Souvent, j’allais dans la montagne. J’y trouvais des gorges resserrées où croissaient de maigres arbustes, des pentes vierges, pelées par le vent, que, seuls, visitaient de loin en loin, les mouflons et les oryx.

Dans ce royaume du silence, je pensais, je ne sais pourquoi, à ce grand silencieux que fut Livingstone. Stanley cite un des préceptes que le solitaire avait coutume de répéter : « N’oublie pas, disait-il, que tu devras rendre compte de toutes tes paroles inutiles. »

Voilà bien le conseil de toute l’Afrique. Ici les bavardages dont on a coutume en Europe, seraient intolérables. A leur fatigue se joindrait le sentiment pénible d’une indécence.


C’est tout naturellement que nous appelons une pensée catholique dans un pays qui n’a pas de pensée propre. Quelle autre matière pourrions-nous jeter dans cette forme vide ? La pauvreté de nos premières écoles nous accable. Ici, il nous faut quelque amour excessif, quelque grand cri dans le désert : Vox clamantis in deserto…

Ce que l’on m’a appris pendant vingt ans, me laisse impuissant vis-à-vis de moi-même. Or, ici, je suis seul avec moi-même.

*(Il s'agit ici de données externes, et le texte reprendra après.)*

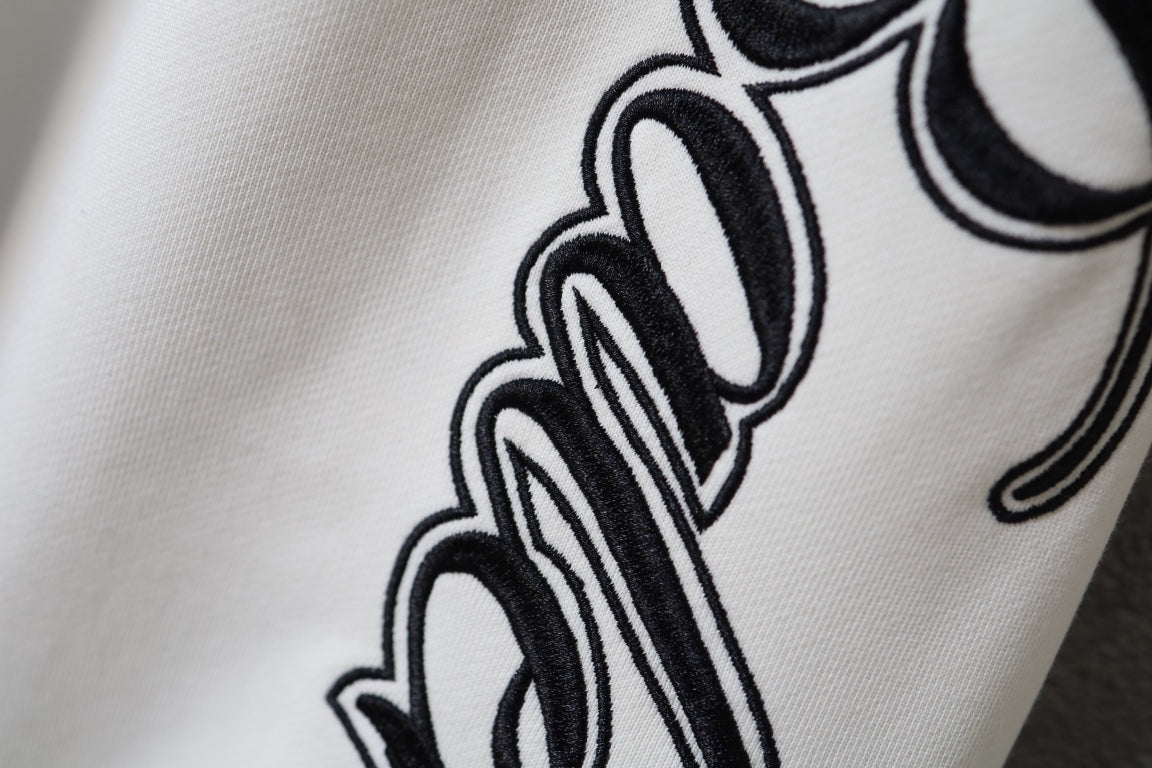 White fabric pants with black script logo graphic on the leg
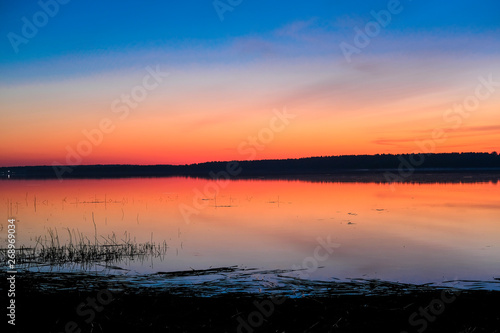Landscape with the image of lake Seliger in Russia at sunset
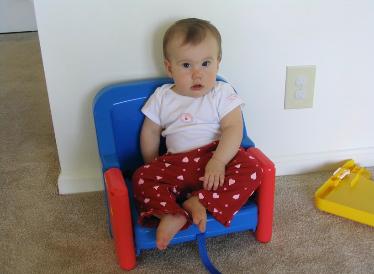 Before she had her hi-chair, Audrey had a booster seat.  I included this picture because it looks a lot like Laura in her baby pictures. 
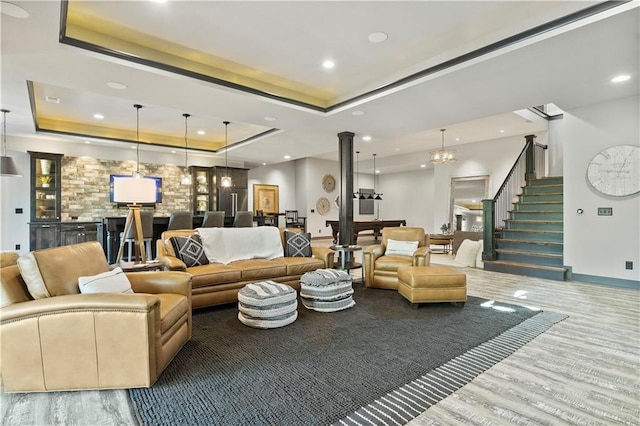 2804 NW Nutall Ct, Lees Summit, MO 64081 - living area featuring a tray ceiling, stairs, wood finished floors, recessed lighting, and bar area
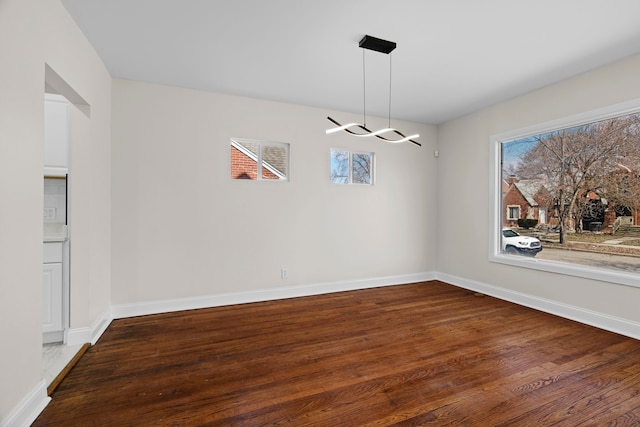 5027 Audubon Rd, Detroit, MI 48224 - spare room featuring a chandelier, wood finished floors, baseboards, and plenty of natural light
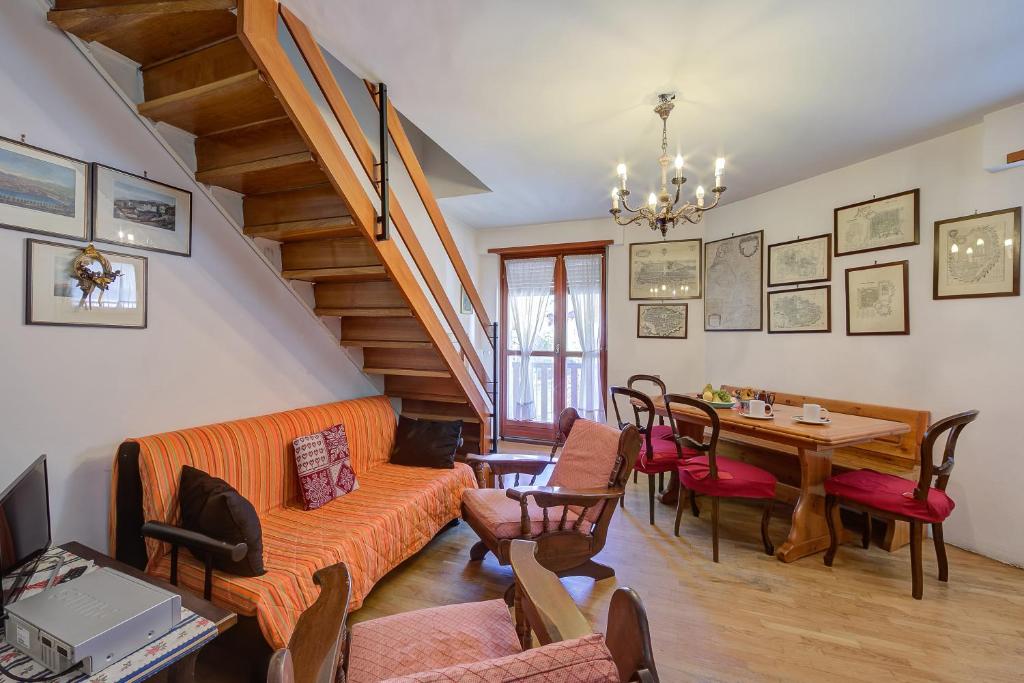 a living room with an orange couch and a table at Il Rododendro City Center - Happy Rentals in Bardonecchia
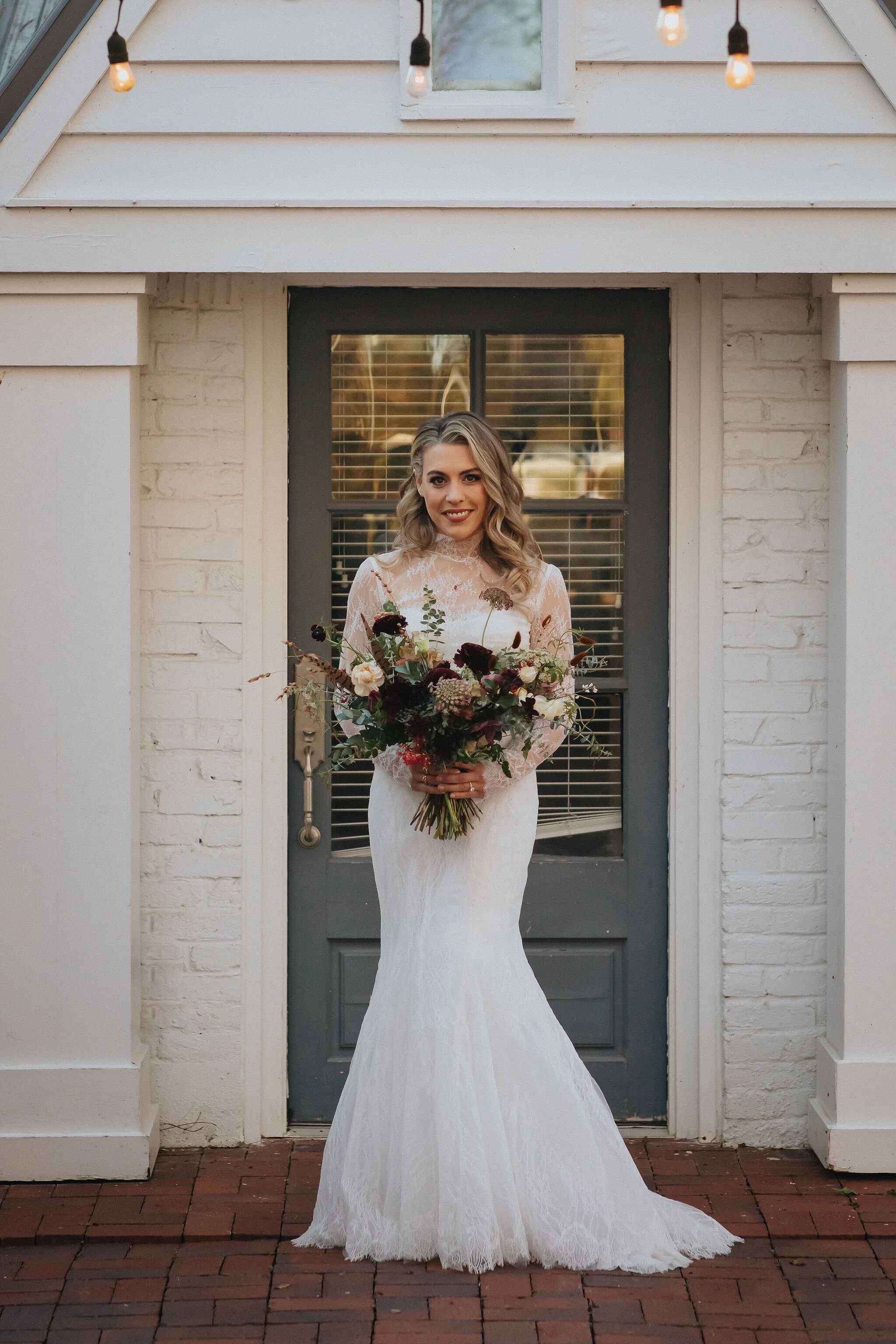 A perfect botanical and moody Bridal bouquet filled with Chocolate Cosmos, Queen Ann's Lace, Baby Eucalyptus, Rust Bunny Tails, Festival Bush, Antique Carnations, Burgundy Ranunculus, and Brown Lisianthus. Designed by Nashville wedding floral design…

J’aime à me persuader que ce sol divin appelle la Grâce. N’en ai-je pas fait l’expérience et oublierai-je tant d’heures d’onction, qui ont jalonné ma pauvre route solitaire ? — Deux siècles durant, au troisième et au quatrième, la Grâce donne ses plus belles fleurs dans un désert semblable, la Thébaïde. Et aujourd’hui, c’est elle encore que nous invoquons.

Si belle est la Face de Dieu sur ces Horebs ! Ici, je sens que la Grâce peut jouer à plein, qu’elle est chez elle, sur sa terre d’élection.

Certes, nous voici bien allégés de tout le poids oppressant de la fausse science, de la fausse raison. Vus de loin, nos savants, nos philosophes, ceux qui mènent la cité et dirigent la jeunesse, nous ont paru de pauvres ombres, vides de tout contenu. Ces hommes-là ne sont pas vrais.